​Be sure to actually test the power supply.  I've had servers that 'powered up' that didn't really.  ​

-- JD Austin
Voice: 480.269.4335 (480 2MY Geek)
jd@twingeckos.com



On Tue, Apr 22, 2014 at 6:01 AM, Stephen Partington <cryptworks@gmail.com> wrote:
I have had very poor experience with the technical knowledge at fry's electronics. Data doctors is good but pricy. 

Some things you can try is pull all components except CPU and the rest the bios. If you get beeps your board is not 100% gone.
The add one stick ram and video. If you still get beeps try another stick of ram. If you still get beeps but no post try an alternate graphics card or see about testing it in another machine.

CPU fail rates are ridiculously low but not impossible. After that go round you can try pulling it along with everything else and give it one more try empty and see if there is a beep code.

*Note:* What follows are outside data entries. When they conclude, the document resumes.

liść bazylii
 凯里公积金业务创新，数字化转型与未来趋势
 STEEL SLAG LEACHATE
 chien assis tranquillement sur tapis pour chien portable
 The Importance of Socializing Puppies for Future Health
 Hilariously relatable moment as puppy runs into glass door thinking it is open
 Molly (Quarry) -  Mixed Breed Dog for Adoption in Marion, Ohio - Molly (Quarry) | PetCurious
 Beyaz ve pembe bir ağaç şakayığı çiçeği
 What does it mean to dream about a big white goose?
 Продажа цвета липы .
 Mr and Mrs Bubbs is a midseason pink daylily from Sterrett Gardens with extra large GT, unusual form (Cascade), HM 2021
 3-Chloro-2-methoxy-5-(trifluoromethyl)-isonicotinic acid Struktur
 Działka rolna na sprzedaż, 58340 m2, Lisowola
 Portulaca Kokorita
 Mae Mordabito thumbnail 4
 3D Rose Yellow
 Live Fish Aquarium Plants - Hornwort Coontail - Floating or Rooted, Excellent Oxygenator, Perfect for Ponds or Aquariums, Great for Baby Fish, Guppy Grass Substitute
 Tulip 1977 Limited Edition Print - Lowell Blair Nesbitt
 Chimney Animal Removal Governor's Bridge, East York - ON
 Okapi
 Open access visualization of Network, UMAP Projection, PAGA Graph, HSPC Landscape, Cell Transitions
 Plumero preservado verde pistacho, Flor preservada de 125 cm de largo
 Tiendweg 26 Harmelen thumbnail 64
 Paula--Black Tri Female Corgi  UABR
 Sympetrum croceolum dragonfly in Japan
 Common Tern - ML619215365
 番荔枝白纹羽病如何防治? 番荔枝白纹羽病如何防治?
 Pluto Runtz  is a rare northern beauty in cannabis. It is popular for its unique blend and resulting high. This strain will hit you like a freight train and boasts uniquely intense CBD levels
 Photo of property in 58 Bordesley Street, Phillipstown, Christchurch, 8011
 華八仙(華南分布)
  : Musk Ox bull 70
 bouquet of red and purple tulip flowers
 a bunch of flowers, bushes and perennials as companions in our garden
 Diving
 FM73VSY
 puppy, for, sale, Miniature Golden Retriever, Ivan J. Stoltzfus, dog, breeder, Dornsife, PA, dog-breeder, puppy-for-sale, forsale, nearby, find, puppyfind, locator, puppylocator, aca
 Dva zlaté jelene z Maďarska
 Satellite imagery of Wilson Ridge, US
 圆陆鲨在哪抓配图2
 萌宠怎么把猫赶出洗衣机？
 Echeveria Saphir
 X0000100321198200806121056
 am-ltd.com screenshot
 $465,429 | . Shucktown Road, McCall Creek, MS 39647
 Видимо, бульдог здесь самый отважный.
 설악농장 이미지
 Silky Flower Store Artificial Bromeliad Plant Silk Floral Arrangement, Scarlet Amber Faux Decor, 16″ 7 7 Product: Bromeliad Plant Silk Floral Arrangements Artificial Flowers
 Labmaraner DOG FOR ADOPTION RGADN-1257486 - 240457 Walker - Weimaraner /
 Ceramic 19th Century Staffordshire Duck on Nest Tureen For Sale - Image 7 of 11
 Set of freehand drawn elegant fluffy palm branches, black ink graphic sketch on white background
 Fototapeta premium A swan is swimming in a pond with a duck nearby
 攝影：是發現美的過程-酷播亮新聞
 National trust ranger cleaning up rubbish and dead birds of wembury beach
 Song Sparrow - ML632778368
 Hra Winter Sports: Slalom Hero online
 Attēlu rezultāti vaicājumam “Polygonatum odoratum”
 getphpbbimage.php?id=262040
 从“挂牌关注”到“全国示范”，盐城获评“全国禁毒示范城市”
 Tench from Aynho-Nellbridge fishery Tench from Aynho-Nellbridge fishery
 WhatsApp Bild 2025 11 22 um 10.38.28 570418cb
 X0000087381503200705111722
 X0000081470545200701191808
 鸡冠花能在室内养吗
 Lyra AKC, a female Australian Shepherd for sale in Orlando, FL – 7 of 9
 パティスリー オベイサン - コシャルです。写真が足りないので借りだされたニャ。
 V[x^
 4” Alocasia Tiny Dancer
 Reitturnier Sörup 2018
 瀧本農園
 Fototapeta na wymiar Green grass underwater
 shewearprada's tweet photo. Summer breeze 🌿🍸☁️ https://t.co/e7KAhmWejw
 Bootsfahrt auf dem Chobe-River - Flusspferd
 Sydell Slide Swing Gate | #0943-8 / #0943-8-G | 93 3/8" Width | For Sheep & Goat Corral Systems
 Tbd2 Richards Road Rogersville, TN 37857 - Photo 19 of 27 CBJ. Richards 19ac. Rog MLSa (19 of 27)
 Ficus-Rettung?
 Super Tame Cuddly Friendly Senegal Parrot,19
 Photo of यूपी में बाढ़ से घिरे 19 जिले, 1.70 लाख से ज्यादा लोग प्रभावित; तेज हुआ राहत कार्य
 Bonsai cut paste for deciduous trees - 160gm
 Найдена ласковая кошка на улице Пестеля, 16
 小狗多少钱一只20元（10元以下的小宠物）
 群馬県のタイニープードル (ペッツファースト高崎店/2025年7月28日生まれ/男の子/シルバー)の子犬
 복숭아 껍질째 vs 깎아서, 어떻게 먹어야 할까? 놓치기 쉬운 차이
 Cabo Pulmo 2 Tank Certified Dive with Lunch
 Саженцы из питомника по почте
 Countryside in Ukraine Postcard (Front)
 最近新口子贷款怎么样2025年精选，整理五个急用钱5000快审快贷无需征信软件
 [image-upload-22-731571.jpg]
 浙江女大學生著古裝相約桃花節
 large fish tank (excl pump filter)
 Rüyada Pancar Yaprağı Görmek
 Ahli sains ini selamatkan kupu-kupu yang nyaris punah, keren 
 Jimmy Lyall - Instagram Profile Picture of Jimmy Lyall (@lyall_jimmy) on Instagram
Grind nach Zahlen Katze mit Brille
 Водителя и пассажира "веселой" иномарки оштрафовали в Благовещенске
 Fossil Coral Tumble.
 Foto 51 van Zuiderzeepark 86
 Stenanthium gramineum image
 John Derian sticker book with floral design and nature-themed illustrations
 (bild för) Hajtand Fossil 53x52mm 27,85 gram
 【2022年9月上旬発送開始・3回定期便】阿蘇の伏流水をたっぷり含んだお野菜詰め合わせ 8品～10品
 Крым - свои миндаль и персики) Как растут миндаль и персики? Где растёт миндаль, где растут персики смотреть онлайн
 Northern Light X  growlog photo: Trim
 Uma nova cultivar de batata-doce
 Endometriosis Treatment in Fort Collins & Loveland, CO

Then final step would be for try an alternate power supply. I have seen them go bad and not give the right power to the core so it comes up but never all the way.

Hope this helps.


On Monday, April 21, 2014, AZ Pete <plug@cactusfamily.com> wrote:
Hi All,

I'm having serious hardware issues with my main dev box and it is now completely down.
It's a fairly high end custom system (RAID, custom cooling, etc) that I built myself and has been quite stable for several years.
The box powers up and the LEDs on the motherboard light. But it never reaches POST.
The M/B has an LED that displays the boot hex codes on the board as it goes thru POST. Nothing is being displayed.
I've tried pulling out the video card and disconnecting all the peripherals, but that didn't help.

I'm thinking that the motherboard may be the problem.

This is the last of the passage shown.